Another plus for the i800 over some of its eight-seat van-derived rivals is the cabin feels more like a hatch’s than a van with windows. All of the surfaces are covered with trim and there is no bare metal, so you do feel this is a big car rather than a commercial vehicle with some seats bolted into the back.


Infotainment might be stretching the limits of what’s on offer in the Hyundai i800 as the car pre-dates the modern trend for large touchscreen displays. With the SE and Style models, you get a small digital screen to show the simplest of information about which radio station you are listening to. There’s also a CD player with slot for the disc just above the radio panel that’s integrated into the central dash console.

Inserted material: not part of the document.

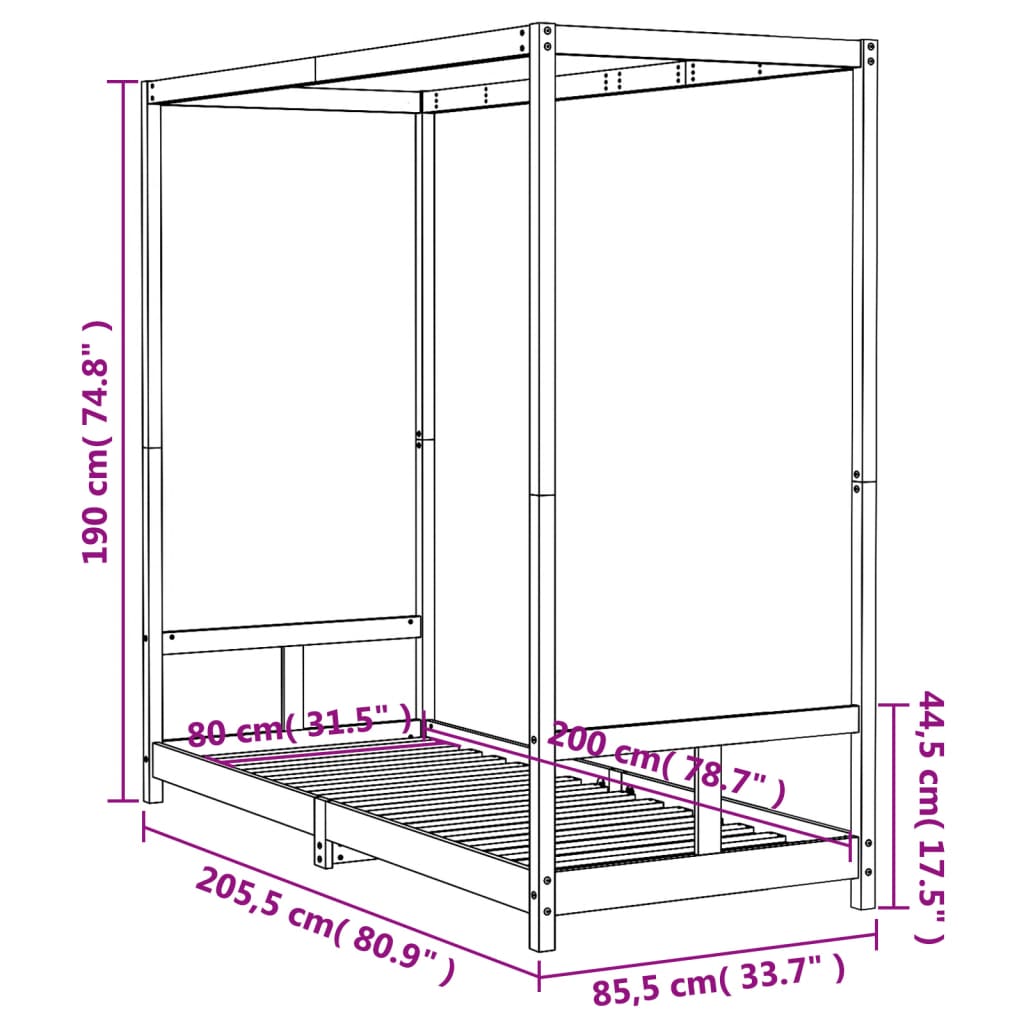 Barnesengeramme hvit 80x200 cm heltre furu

Choose the SE Nav and, as the name tells us, you get built-in satellite navigation. This comes with a larger screen for a clearer view of the map and instructions. However, it feels very dated by modern standards and there’s no ability to pair the screen with your phone to access or music.

Whichever i800 model you find yourself driving, you will find the centrally-mounted stereo is a bit of a reach from the driver’s seat. It means you have to lean forward to get to the buttons, though some models have steering wheel-mounted buttons to work the radio. Thankfully, Bluetooth is common on most i800s, so at least you have the chance to make hands-free phone calls.

 Space and practicality

Space may be the final frontier, but it’s not the be all and end all of MPVs. It’s how you use that space to best effect that determines whether or not a people carrier is the outright best in its class. In this respect, the Hyundai i800 falls some way short of fulfilling its massive potential.

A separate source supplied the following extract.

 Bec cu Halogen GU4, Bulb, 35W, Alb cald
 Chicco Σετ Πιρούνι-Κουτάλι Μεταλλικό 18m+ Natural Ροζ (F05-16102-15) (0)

The reason for this is the way the rear seats are arranged and fixed in position. The second and third rows of seats both have three chairs, so fitting in eight people is, theoretically, very simple. The problems begin with the rear-most row of seats being solidly fixed in position rather than having a sliding base as you find in the likes of the Volkswagen Transporter Shuttle. It results in the third row occupants often having to sacrifice their knee room so those in the middle pews can sit comfortably.

Next issue is none of the i800’s two rear rows of seats can be folded flat into the floor. Instead, you end up with a seat backs that tip forwards to free up a lot of length for longer loads, but not nearly as much depth in the cargo bay as you might want. So, the i800 is very much a people carrier rather than a multi-purpose vehicle. However, we should state that all occupants get a three-point seat belt, so it’s no problem with giving half the football team a lift to the match.

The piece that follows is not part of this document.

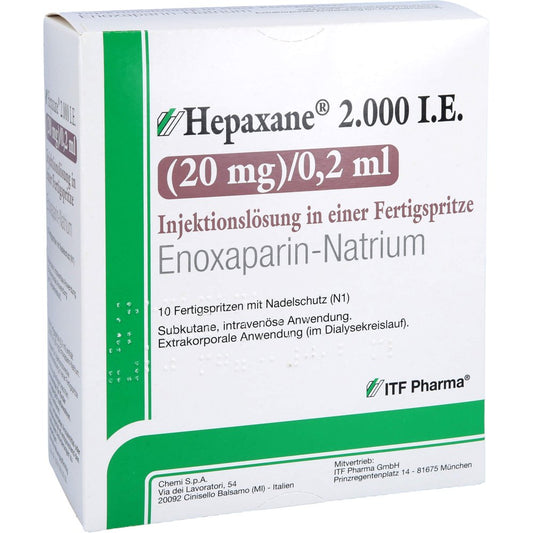Das Produktfoto zeigt Hepaxane 2.000 I.E. 20 Mg/0,2 Ml Inj.-Lsg.I.E.Fs (10 stk) PZN 14446188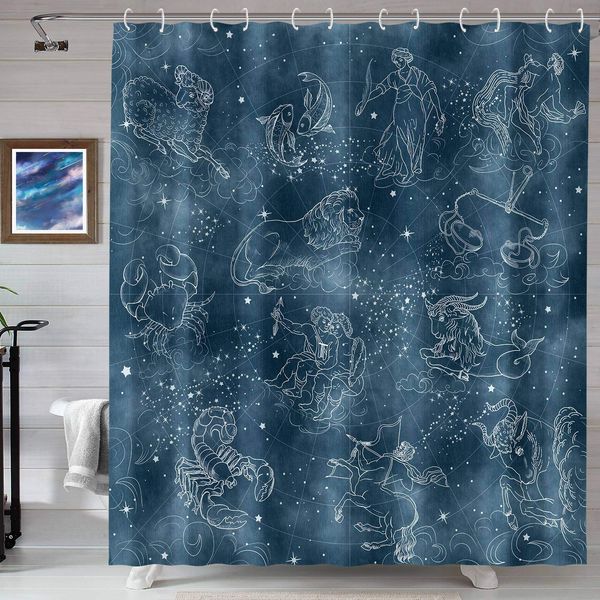blue constellation shower curtain set, modern fabric shower curtains for bathroom decor, cloth bathroom curtains (blue, 72'' Ã
blue constellation shower curtain set, modern fabric shower curtains for bathroom decor, cloth bathroom curtains (blue, 72'' Ã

The flipside of this is the i800 always offers a large luggage space even when all eight seats are filled. Lift the large tailgate and you’re presented with 851-litres of load carrying capacity, which is blessed with no interruptions from the sides of floor, so it’s a doddle to slide in even the heaviest suitcase when picking up relatives from the airport. However, that’s about as clever as the i800’s load bay gets, so don’t go looking for clever hidden storage areas or load dividers because they aren’t there.

Handling and ride quality

"First things first, the Hyundai i800 is big, even by MPV standards. It sits are more than five metres long, which is in the same ball park as a Rolls-Royce, and it’s tall as well, which all has a bearing on how this vehicle drives. Because of the distance between the front and rear wheels, the i800 is passably good at absorbing bumps and its relatively titchy 16-inch alloy wheels on a car of this size mean it passes over most ruts and ridges with little disturbance to its occupants."

Hyundai i800 backleft exterior

Hyundai swapped the iLoad van’s crude rear cart springs for more sophisticated coils and dampers in the transition to it becoming the i800 people carrier. The work was worth the effort and, though the ride is quite bouncy when there’s only the driver or a couple of passengers onboard, it rides well when fully loaded.

In town or on the motorway, the i800 feels stable and cushy, so you have the confidence to strike out on long trips. This is aided by steering that is more direct in its response than you might reckon for a van-based vehicle. However, the downside to this is in town where the i800 feels its size, even though it has a tighter turning circle than a Volkswagen Sharan and this should make it feel more nimble.

The scale of the i800 also comes into sharp relief when you come to a corner and the body begins to lean. It’s not alarming, but it does require the driver to scrub off more speed than you would in other MPVs to avoid your passengers suffering from sea sickness as the Hyundai lolls into and through a bend. Even so, it grips well and the rear-wheel drive set-up of the i800 even means it can be quite fun to steer on twistier roads when it’s just the driver in the car.

Engines and gearboxes

You have two choices when it comes to the engine and the gearbox respectively in the Hyundai i800, though you cannot mix and match them. So, if you want the 136PS lower-powered version of the 2.5-litre four-cylinder turbodiesel engine, you get a manual gearbox and that’s your lot.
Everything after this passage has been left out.